Иронией проникнута вся первая часть статьи, где обильно цитируются тексты, приписывающие неаполитанскому народу благонамеренность, консерватизм, безоговорочную преданность трону и Церкви. Представленное затем досье на ретроградное неаполитанское правительство, с воинствующей цензурой и политическими репрессиями, было явно мотивировано и собственным опытом автора в России. Как и многим тогдашним русским диссидентам, республиканцам, социалистам и прочим, многим неаполитанцам пришлось оставить родину: «Неаполь теперь не в Неаполе, а в Турине», – констатирует Добролюбов.





В целом весь очерк не может не удивить своей повышенной эмоциональностью – казалось бы, какое дело русскому путешественнику до неаполитанских проблем?
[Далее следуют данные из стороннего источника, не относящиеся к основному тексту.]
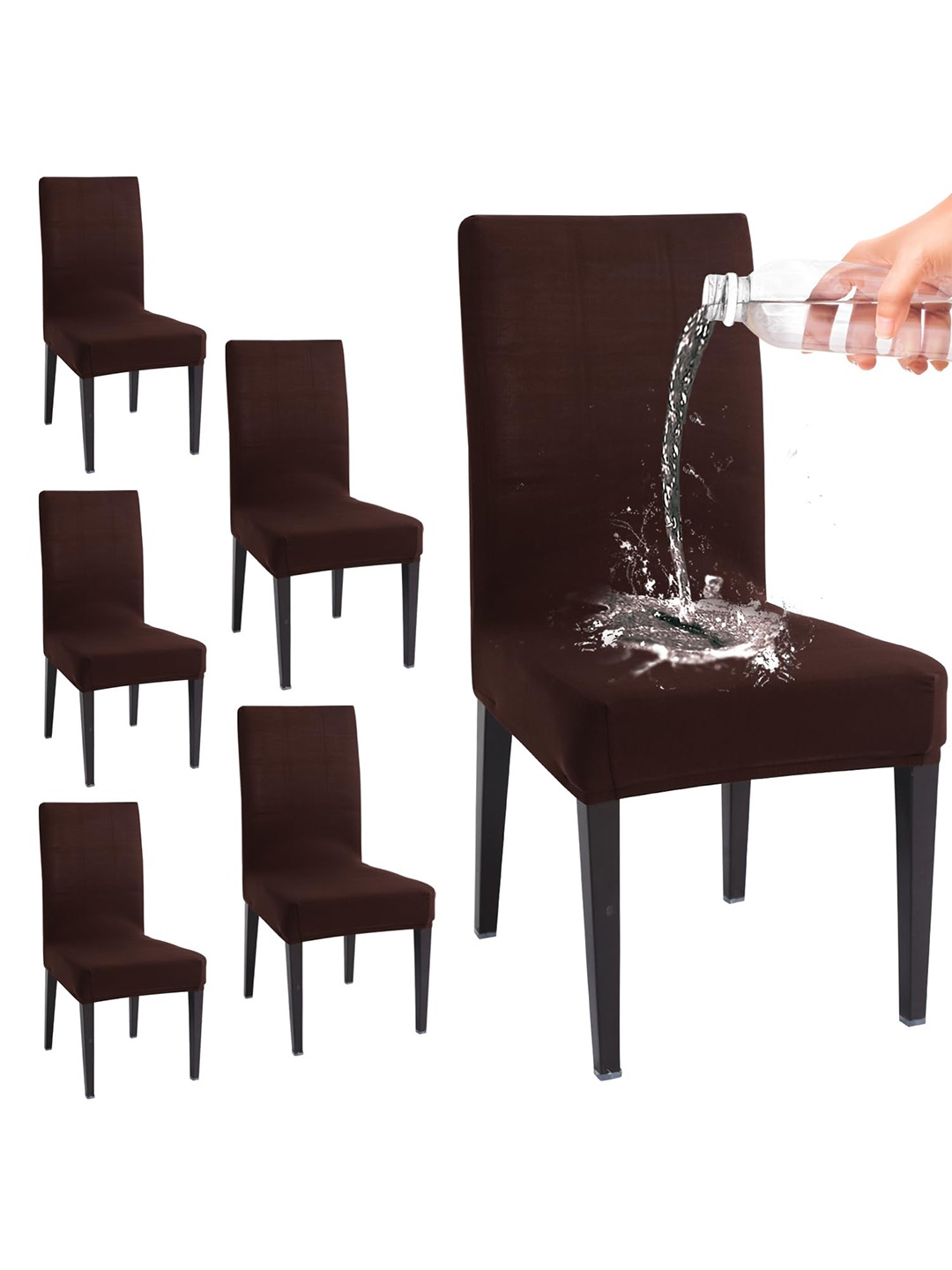 

HOKIPO 6 Piece Stretchable Water-Resistant Chair Covers, Brown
Уверены, что правы и первые читатели этого текста, и позднейшие его исследователи: Добролюбов, писавший о королевстве Обеих Сицилий, думал о России, и мечтал о ее коренном изменении – в сторону интеллектуальной и личной свободы, в сторону просвещения и освобождения народа (напомним, что статья писалась, когда в России еще существовало крепостное право).

Что предполагал сказать автор в последней части статьи, которую не стал писать, так как уже вторая ее часть, с обличениями бурбонского режима, была запрещена бдительной отечественной цензурой?

Конечно, он должен был объяснить читателю «непостижимую странность» неаполитанской истории. Во-первых, вероятно, он высказался бы о природном стремлении человека (и народа) к свободе, которая существует всегда, пусть подспудно и при внешне лояльном поведении даже по отношению к репрессивному правлению. Во-вторых, и думается, это стало бы главным, Добролюбов вывел бы образ народного вожака, Гарибальди, способного зажечь сердца людей и привести их к новой жизни, со сброшенными оковами деспотизма. Полагаем, что Добролюбов стремился передать своему читателю послание, что и вроде бы сверхмонархическое русское общество в одночасье может отринуть многовековой престол. Это – много позднее – показала и отечественная история, когда в феврале 1917 г. в течение нескольких дней пало самодержавие.

Профессор Чезаре Де Микелис, переводчик итальянской публицистики Добролюбова[7], так отозвался о его неаполитанском очерке: «Перед нами – самое главное историческое занятие Добролюбова в отношении итальянской ситуации, в смысле представления читателю ситуации, приведшей к революции 1860 года <…>. Впервые автор отводит взгляд от фактов последних лет, чтобы обратить свое внимание на прошлое (пусть и не далекое) Италии. Этот очерк написан в жанре откровенного парадокса: разрешение этого парадокса, которое должно было быть написано во второй части[8], никогда не появилось. Однако несложно догадаться о его главных положениях. Автор противопоставляет ошеломительные успехи Гарибальди (о котором нигде пока прямо не говорится) убеждениям, разделяемым как либералами, так и реакционерами, в политической и экономической отсталости масс королевства Обеих Сицилии, и как следствие – в стабильности бурбонского правления. Обильно цитируя и либералов, и реакционеров, едкое и парадоксальное перо Добролюбова разоблачает их абстрактные тезисы. <…> С редкой точностью и проницательностью представлены главные аспекты неаполитанской ситуации: жестокое и мелочное правление, мало заинтересованный в политических переменах плебс, коррумпированный интригующий клир. В нескольких строках, оставшихся от второй части, появляется взрывчатая персона Гарибальди. Внимание Добролюбова смещается на политический стержень революции, который кавуристы всей Европы приписывали мудрым маневрам Кавура. Странно, но читая страницы этого молодого русского интеллектуала, мы узнаем современное мифотворчество о Рисорджименто – ради только и этого чтение данной статьи весьма полезно»[9].

4

В действительности, эти слова принадлежат писателю и политику Массимо Д’Адзелио.

5

Добролюбов побывал в этих, и других городах, но не оставил их описаний.

6

Вероятно, систематическое изучение истории Неаполитанского королевства Добролюбов начал еще до своей поездки в Италию.

7

См. Dobroljubov N. Conti, preti, briganti. Cronache italiane / a cura di C. De Michelis. Milano: Giordano, 1966.

8

В действительности, – в третьей части.

9

Там же. Р. XXV. Здесь и далее цитаты из итальянских текстов даны в нашем переводе.